Interior Department Proposes New Fracking Rule on Public Lands
Yesterday, the Obama Administration announced a new rule from the Department of Interior to regulate the process of hydraulic fracturing, or fracking, on federal lands. The relaunch of the rule was made after Interior pulled back its original proposal in 2012 after receiving 177,000 public comments. According to an Interior press release, the updated draft proposal will be subject to a new 30-day public comment period on the notice of proposed rulemaking.
The proposal drew immediate criticism from both environmental and industry groups, with the former suggesting they were not stringent enough in requiring greater disclosure of the chemicals used in the fracking process and the later representing oil and gas operations who find the new potential requirements redundant and unnecessary due to existing state regulations. Under the new proposed rules, oil and natural gas operations would be required to disclose the chemicals they use to stimulate and frack wells on federal lands as well as a new verification requirement that fracking fluids are being prevented from seeping into groundwater.

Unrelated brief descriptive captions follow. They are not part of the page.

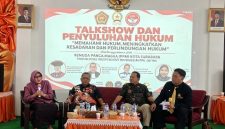 FPII Setwil Jatim dan PPM Surabaya adakan acara Talkshow Penyuluhan Hukum dan Tata kelola Pendidikan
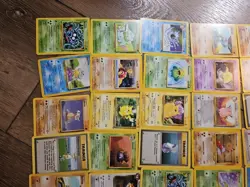 Lot Of 50 Vintage (1990s) Pokemon Cards - Image 3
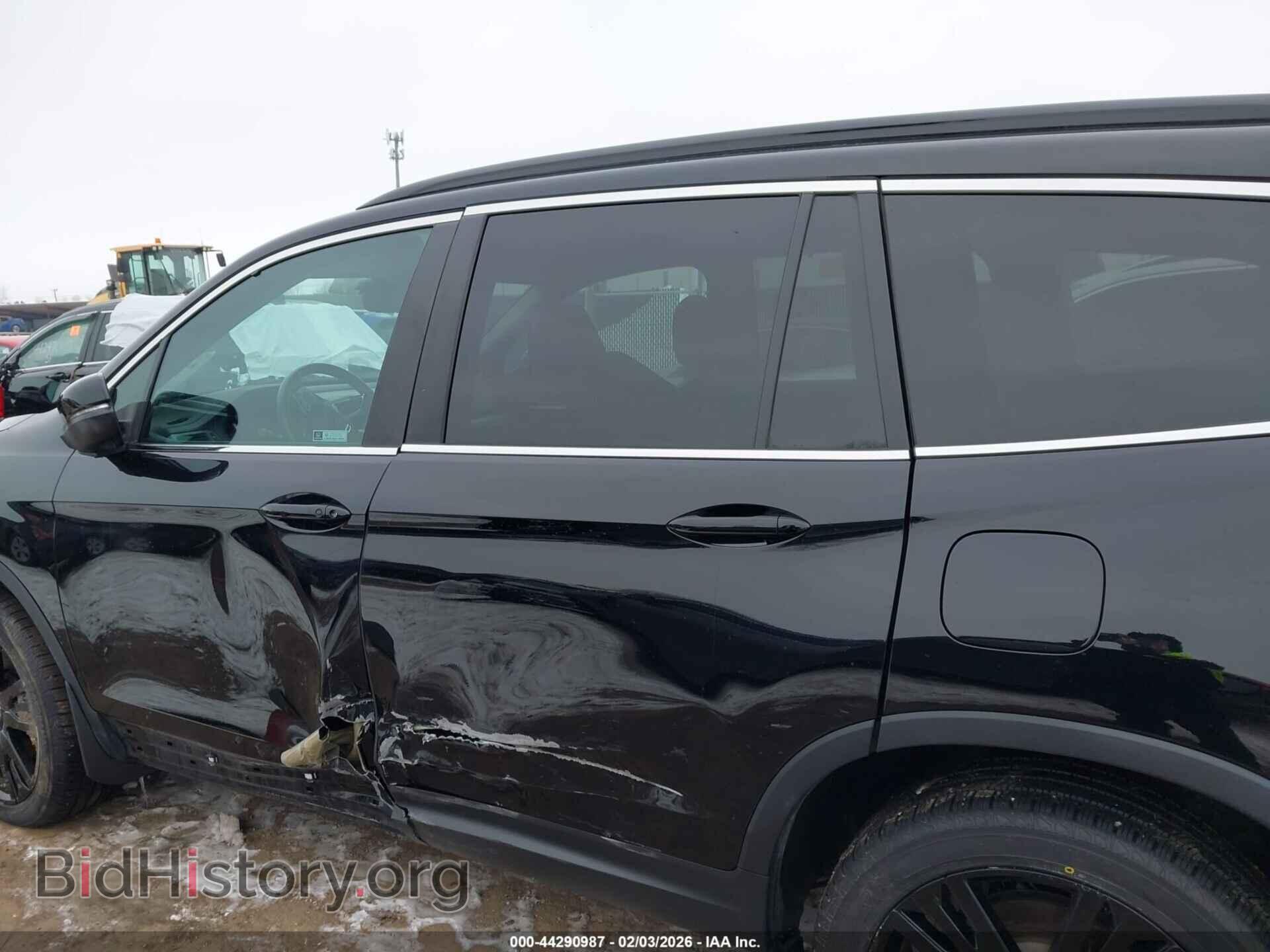 2021 HONDA PILOT - VIN: 5FNYF6H20MB065433 - Фото 14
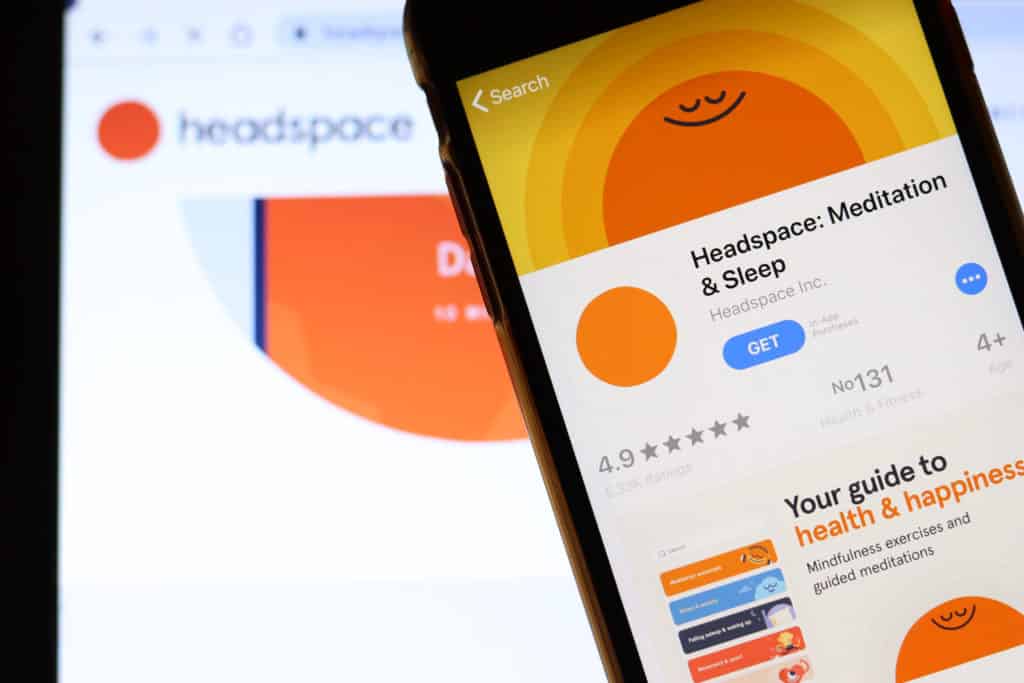 Headspace Guided Meditation App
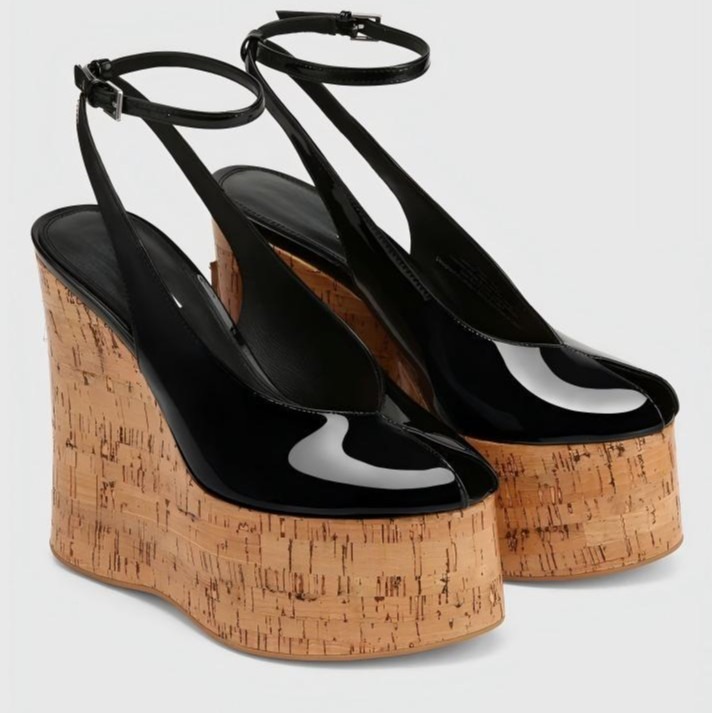 Sandales d'été 2026 à talon co - Wedding Shop avis et prix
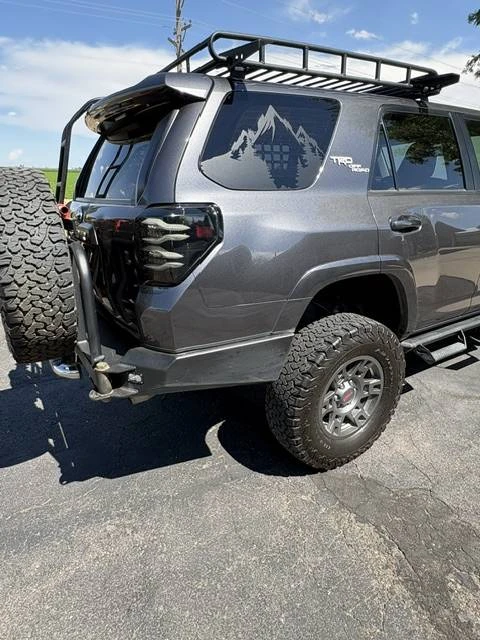 2018 Toyota 4Runner 5th Gen - Image 21 of 22
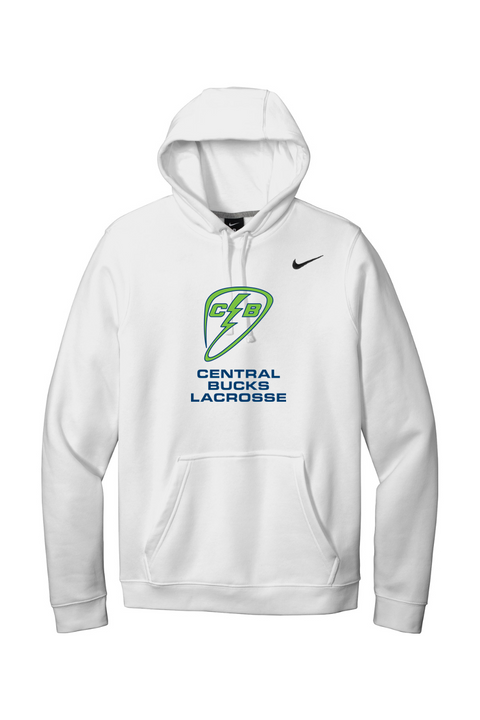 Nike Club Fleece Pullover Hoodie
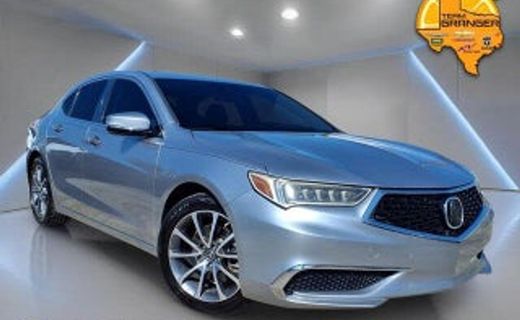 2018 Acura TLX Advance V6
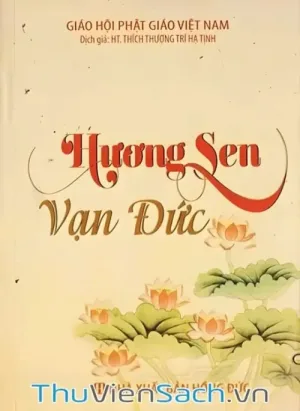 Hương Sen Vạn Đức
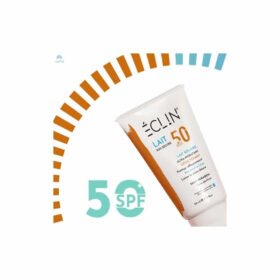 ÉCLIN – Lait Solaire Ulra Hydratant SPF50+ – 150ml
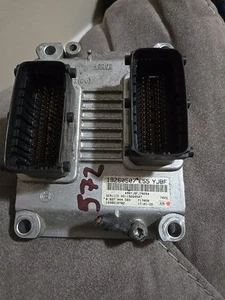 04-07 CADILLAC SRX CTS 3.6L ENGINE COMPUTER CONTROL MODULE UNIT 19260507 ECM ECU - Picture 1 of 4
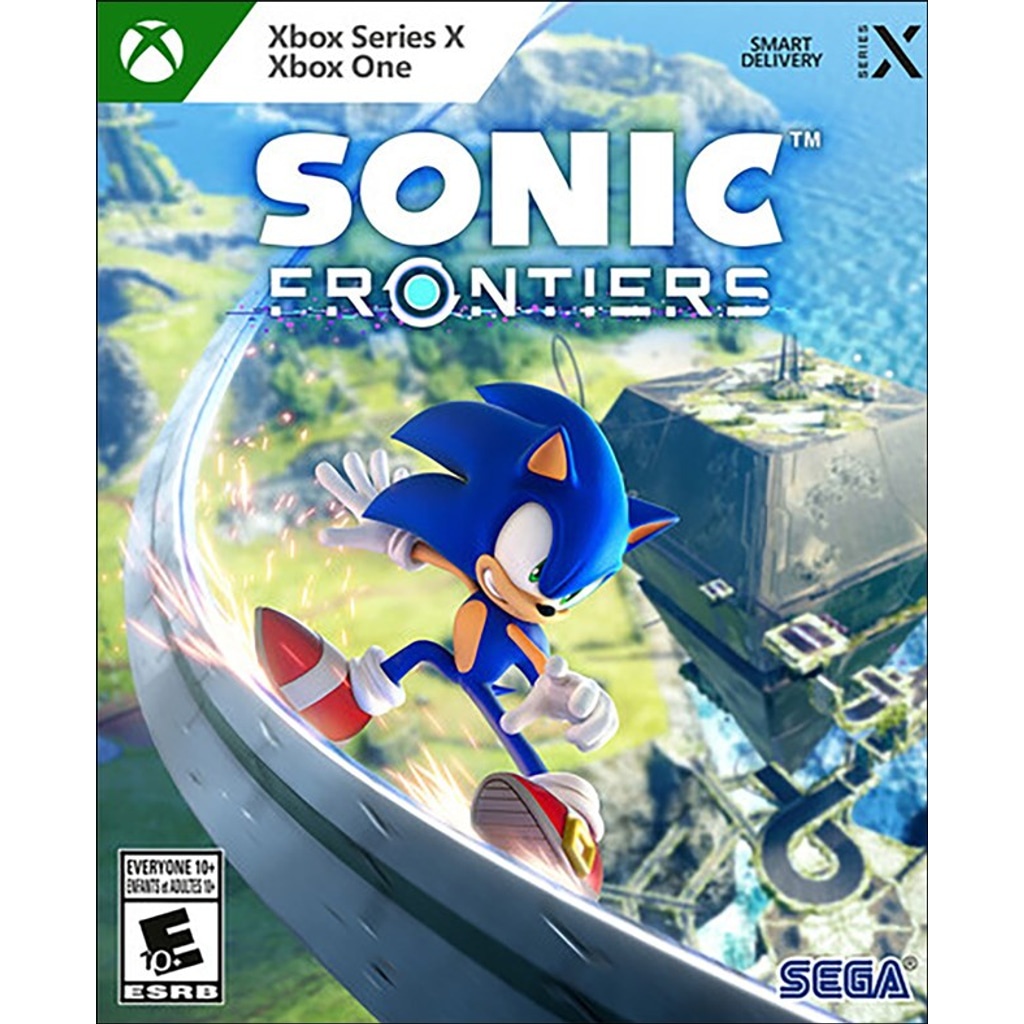 XB1U-Sonic Frontiers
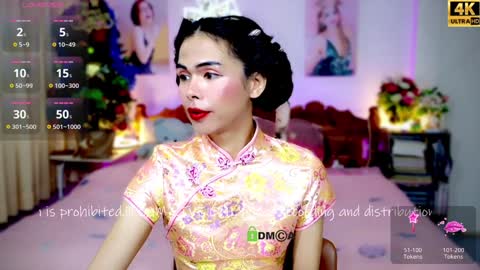 ribbinbovkoy online show from 01.24.25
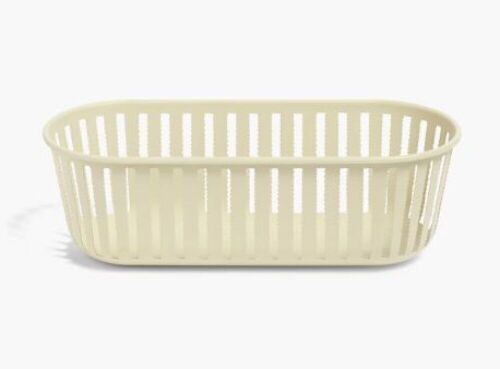 Case of (12) Panier Oblong Baskets, Sand - Lot 661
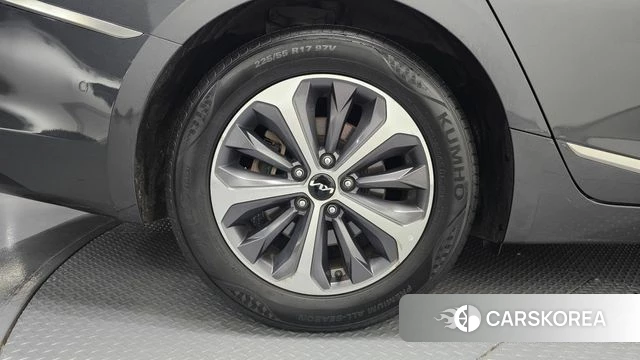 Kia K8 Hybrid id 4976337 из Кореи 15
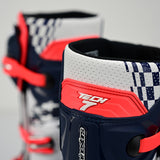 ALPINESTARS / TLD TECH 7 MX BOOT; WHITE / NAVY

In addition, the new rule includes a mandate that operators have a management plan for dealing with the large amounts of "flowback", which is essentially a wastewater byproduct of drilling fluids, generated after fracking wells. In an effort to mitigate criticisms from industry, the Administration proposal would allow operations to use the reporting standards of FracFocus (which is managed by the Ground Water Protection Council and Interstate Oil and Gas Compact Commission) to meet chemical disclosure requirements. FracFocus has been the preferred avenue of disclosure by industry, but it has been criticized by environmental groups for protecting too many proprietary components of the fracking fluids themselves. The Executive Director of the Sierra Club, Michael Brune, said in a statement "Although no amount of regulation will make fracking acceptable, the proposed BLM rules fail even to take obvious steps to make it safer. This proposal does not require drillers to disclose all chemicals being used for fracking and continues to allow trade-secret exemptions for the oil and gas industry."
According to the Department of Interior, roughly 90 percent of wells drilled on federal and Indian lands use hydraulic fracturing, however, "the Bureau of Land Management’s (BLM) current regulations governing hydraulic fracturing operations on public lands are more than 30 years old and were not written to address modern hydraulic fracturing activities. The revised proposed rule will modernize BLM’s management of hydraulic fracturing operations, and help to establish baseline environmental safeguards for these operations across all public and Indian lands."
Industry groups like API and the Western Energy Alliance have noted their approval for the changes made in the original rule, however, they question the policy or scientific need to create a new regulatory model when they believe states are safely and effectively regulating the fracking process today. A Congressional critic of the Administration's actions, House Natural Resources Chairman Doc Hastings, believes the economic impact of the previous BLM federal rules could have added $200,000 to $375,000 in additional costs to drill a well and that the new proposal will add an additional layer of expensive red tape. These and other critics suggest the federal permitting process is too drawn out, subject substantial legal challenges, and adds unnecessary development costs. For instance, receiving federal permits to drill can take between 180 and 290 days to obtain and receiving a permit to drill on private land in states like North Dakota can be secured in a matter of weeks.